Recently I hooked up a 2 ch power amplifier that was waiting to be installed into my system. I went from the AVR's onboard 90wpc @8 ohms capable amp to a 150wpc @8 ohms capable outboard amp. The 2ch amplifier is used to power the main L\R speakers and they are set to small with a crossover point of 60hz to dual subwoofers.

I noticed that the sound had changed after setting the preamp output level on the AVR to match the same 75db reference level with the outboard amp. I'm not talking about a night and day change, but a noticable difference in bass clarity for the worse. I noticed a very slight increase in bass output - enough to warrant turning down my subwoofer level down one notch in the AVRs bass management (related in user menu as 1db). Once I turned the sub level down a hair everything fell right back into place. There is now no discernible difference to my ears between the 2 amps, but of course the power amp has much more headroom and doesn't sound slightly hard or brassy when pushed.

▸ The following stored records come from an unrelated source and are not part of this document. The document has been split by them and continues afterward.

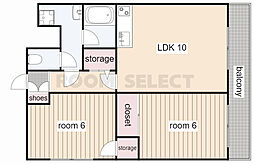 グリーンエミナンス唐山 2LDKの間取図画像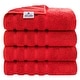 preview thumbnail 60 of 148, American Soft Linen 100% Cotton Turkish Bath Towels Large, 4 Pack Luxury Hotel Spa Quality Turkish Bath Towels Bathroom Sets Red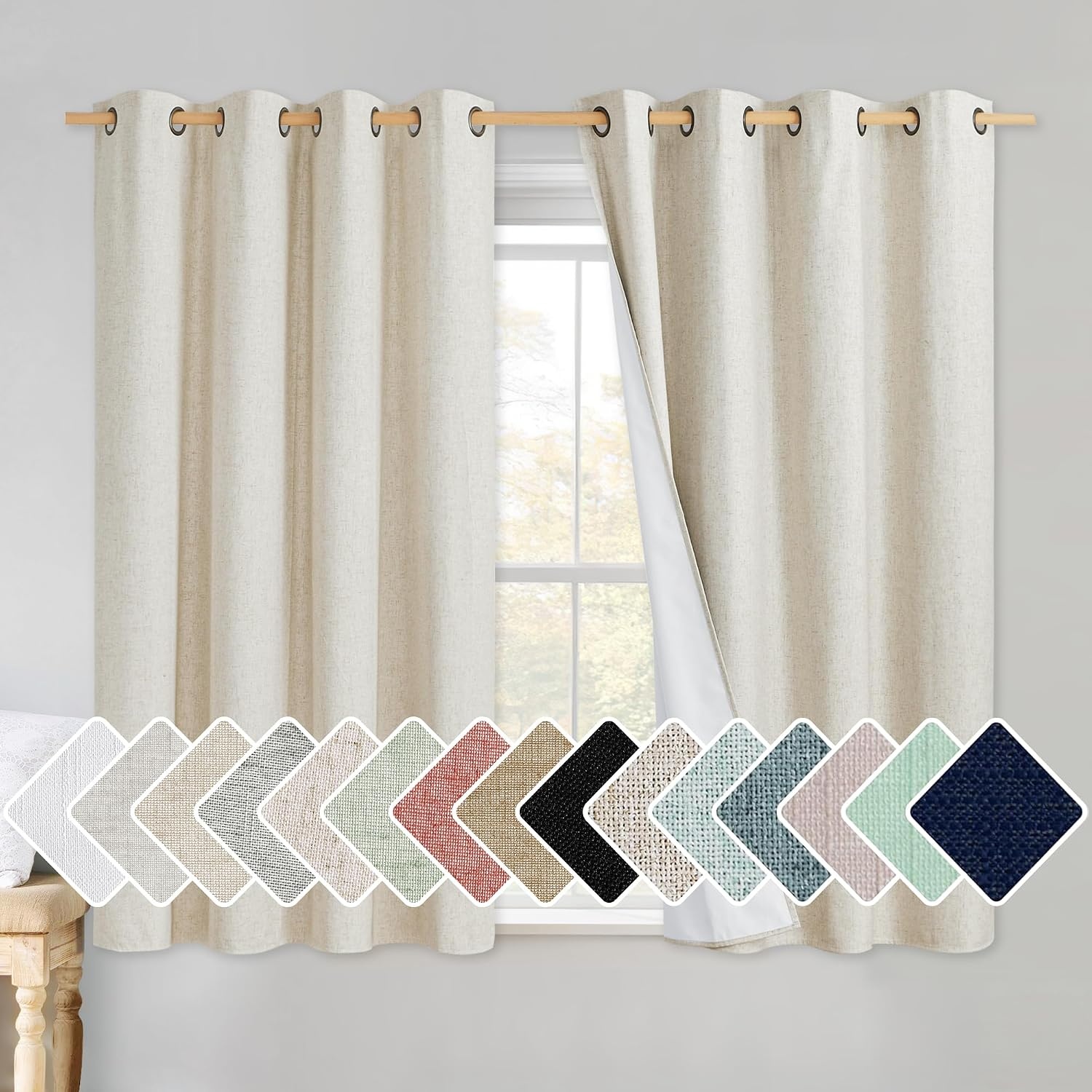 image:imageNICETOWN Natural Linen Complete Blackout Curtain 54 inches for Kids Room 1 Panel Thermal Insulated amp Noise Reducing Window Draperies with White Liner Noise Reducing Short DrapeNatural
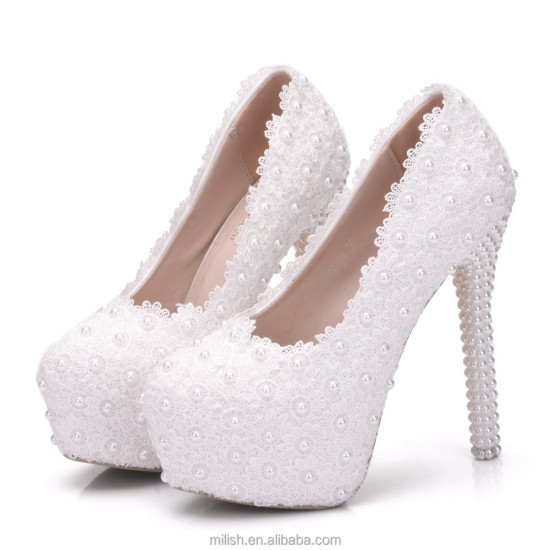 Lace Flower Pearls Wedge Platform Stiletto High Heels Pump Bride Wedding Shoes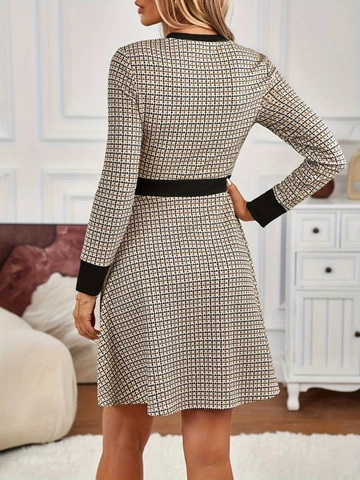 Damen Elegant Hahnentritt Strickkleid Langarm Rundhalsausschnitt Slim Fit Midikleid Mit Zierknöpfen Vintage Business Kleid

I'm a healthy skeptic and pragmatist when it comes to anything relating to audio, but I don't like to draw lines in the sand one way or another. Can anyone explain a technical reason for this perceived difference? By technical I am talking gain structure differences or electrical signal. I'm not into the whole amps are unique and special debate. To me, they are tools to get a job done and for some reason one seems to do a different job at low frequencies.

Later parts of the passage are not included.